We, the parents, the community, have a responsibility to create an environment where safe learning and exploration can take place.  I read recently that 92% of autism wandering deaths are drownings... we need to ACTIVELY take responsibility for teaching/ treating/ "therapizing" that skill - TO SAVE LIVES!  

And it doesn't just mean just in public!  

Once you have clearly identified sensory inputs that will support swimming skills - YOU CAN PRACTICE THEM IN THE BATH TUB!!!!!  

Just like Sensory Integration Therapy (SIT) - it needs to be incremental and consistent - happening ALL the time EVERYWHERE. 

And just like every other "therapy" or learning opportunity that we are striving to provide for our kids - it's not really about skill mastery, it's about self mastery - to make their personal universe bigger...

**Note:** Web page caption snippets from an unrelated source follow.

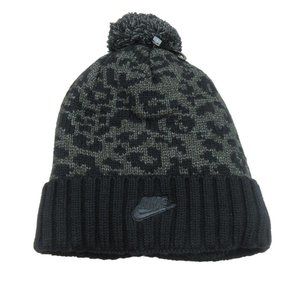 Nike Sportwear Black Leopard Womens Pom Beanie One Size NEW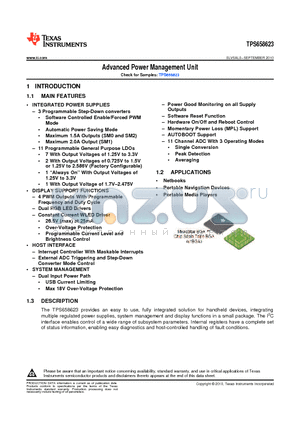 TPS658623ZQZR datasheet - Advanced Power Management Unit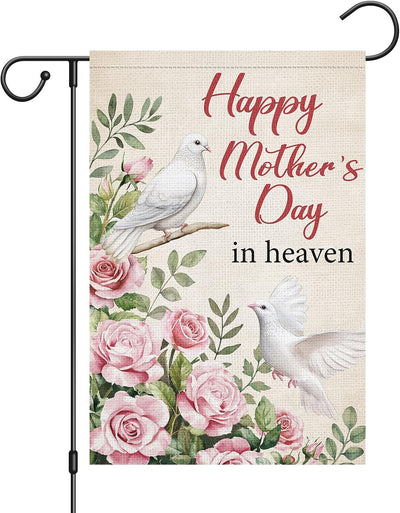 Bandera jardín día madre paloma blanca 12x18pulg doble cara floral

  1. O how i wish you were local to me! I struggled to find WSI's for our Chapter Learn to Swim program! LOL
    This really is a great post; ironically i have also wanted to discuss the "fearless" aspect of water with one of our aquatics supervisors!
    My 1yo DS wants nothing to do with bathing but adores large (adult size home) pools. He refuses (frantic meltdown) his lifejacket or canopy float. (nothing "restraining") and will fight to get away from DH & myself when we bring him in w/ us. (but is too delighted to be there to meltdown) if that makes sense?
    i understand at this age he is gaining his independence but it is so difficult to convey safety or swim instruction when he's squirming to swim on his own.
    any suggestions :D

  2. I would say first - that you just have to continue to prate and demonstrate water safe behaviors - because repetition DOES work, even on the most stubborn mule ;)I would say secondly, to not worry about teaching "swimming" - to focus on being comfortable with those water induced sensations. I have had one little (a youngest of 3) who is TOTALLY fearless and just keeps walking in til he sinks - and we have to watch him like a hawk, - but we also have to be sure NOT to inhibit his willingness to explore and assimilate those sensations. Thirdly, I would say - focus on SMALL steps/ developments - find the action/ sensation your child is repeating and just do it with them (mirroring), so they can compare their "success" with yours and refine their movement. In typical Montessori fashion, just let the kid do what their body is telling them to repeat, because they are teaching themselves and eventually they will move to the next piece/ skill. It may take a LONG time - 3 summers for my kiddo to get horizontal in the water (vestibular avoidance), but he got there! And it started NOT in the pool, but on the playground - with a willingness to SWING. Use YOUR language to associate the sensations, help them develop confidence - they don't have that full vocabulary, yet.